Podría decirse que es una manera muy “negativa” de mirar a la gente; sin embargo, me parece la manera más “realista” de hacerlo. Recién cuando tenemos una visión real de las cosas podemos evaluarlas correctamente y quitar conclusiones veraces que nos lleven a mejorar. Si no es así, nos estamos engañando y creamos un mundo totalmente irreal y fallido.
Esta visión bíblica, entre otras cosas, me dio libertad. ¿Libertad de qué? La libertad de no tener “ídolos de carne”, algo muy proclive en nuestra naturaleza caída. Admirar hasta lo sumo o “endiosar” a líderes políticos, religiosos, artistas, deportistas, padre, madre, esposo, hijos, amigos,etc., y de esa manera ser totalmente dependientes de ellos en nuestras emociones, deseos, gustos, criterios y vida misma, es una inclinación corriente en la mayoría de las personas.
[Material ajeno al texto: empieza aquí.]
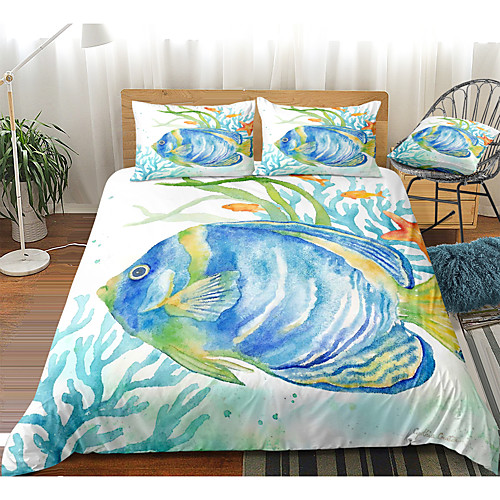 

Ocean Series Sea Fish Print 3-Piece Duvet Cover Set Hotel Bedding Sets Comforter Cover with Soft Lightweight Microfiber(Include 1 Duvet Cover and 1or 2 Pillowcases)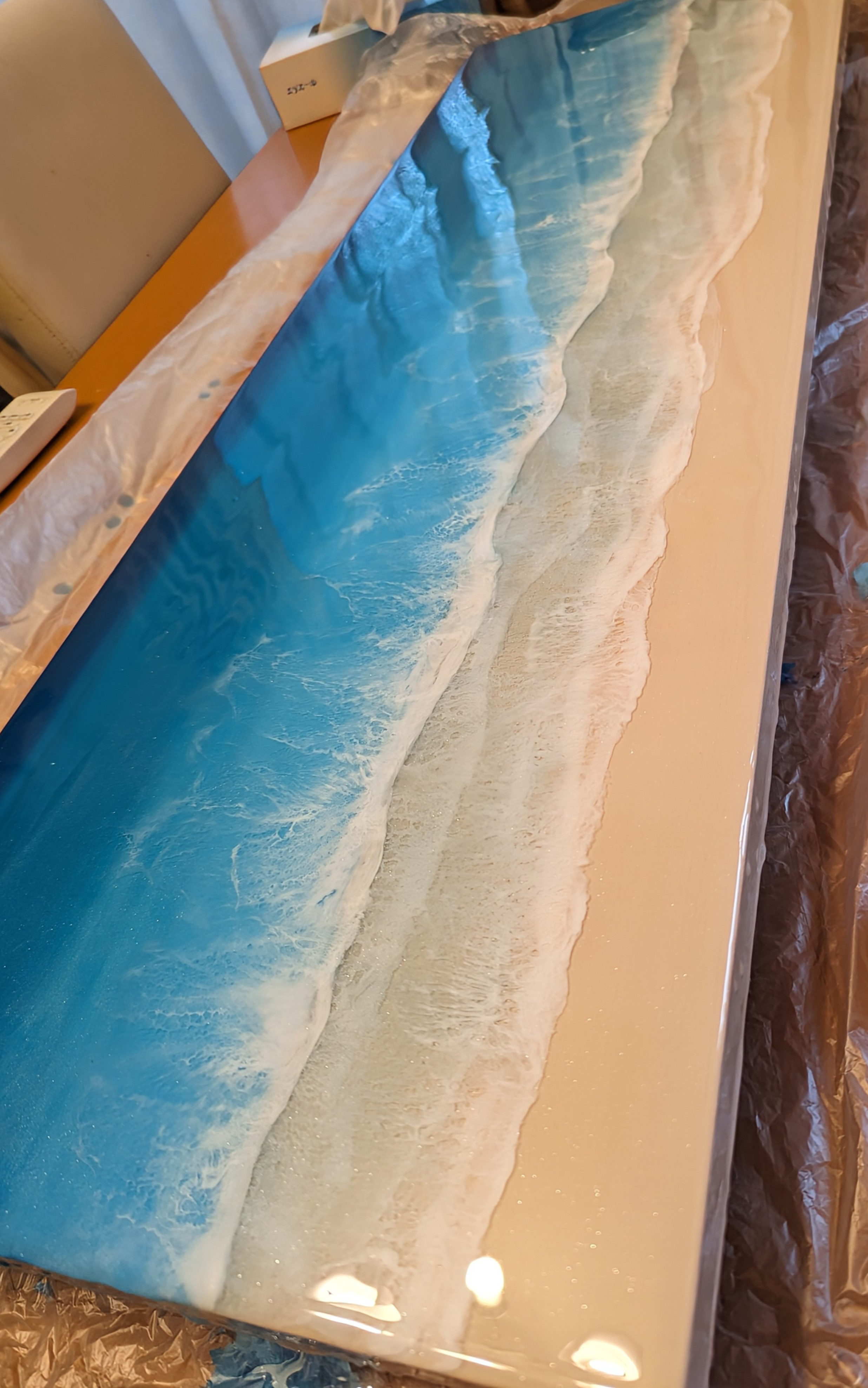 レジンアート海パネル90㌢✕30㌢ その他アート Resin Sea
Lo ha sido siempre, ya que, según la Biblia, al ser los seres humanos criaturas para adorar a Dios, de no hacerlo a la persona correcta, lo estaríamos enfocando hacia cualquier otra cosa.
Esta verdad espiritual de que todos somos pecadores me dio libertad porque no dependo de los demás para mantenerme firme. Ninguna decepción será lo suficientemente grande como para atajarme en mi caminar, en mi propósito. Me libra de la amargura, el reclamo y la dependencia; me hace libre, espero de los demás solo lo justo que me pueden dar, más no.
Pero la Biblia también pone un equilibrio. Nos enseña a amar a todos, aun a nuestros enemigos. Pero el amor no tiene nada que ver con la idolatría, y dista mucho de ella. La idolatría reclama dependencia y ceguera, pero el amor es todo lo contrario: es consciente de los errores y defectos de la persona amada, no busca solo ser servido sino servir, agradar más que ser agradado y, como dije, no considera infalible al otro, pero sí sujeto a errores, y da perdón como arma de reconciliación, así no caemos en amargura.
La Biblia dice que el que es nacido de Dios ama, porque Dios es amor: “Amados, amémonos unos a otros; porque el amor es de Dios. Todo aquel que ama, es nacido de Dios, y conoce a Dios” (1Juan 4.7). Y el amor no busca lo suyo, no se irrita, no guarda rencor, todo lo sufre, todo lo cree, todo lo soporta” (1 Corintios 13.5-8).
Entre los muchos motivos que tengo para glorificar a Dios y su Palabra, este es uno más: La libertad y una identidad que está centrada en Cristo, no en los demás, es lo que me hace prudente y cabal para enfrentar cualquier tipo de relación en esta vida y salir ileso en el camino.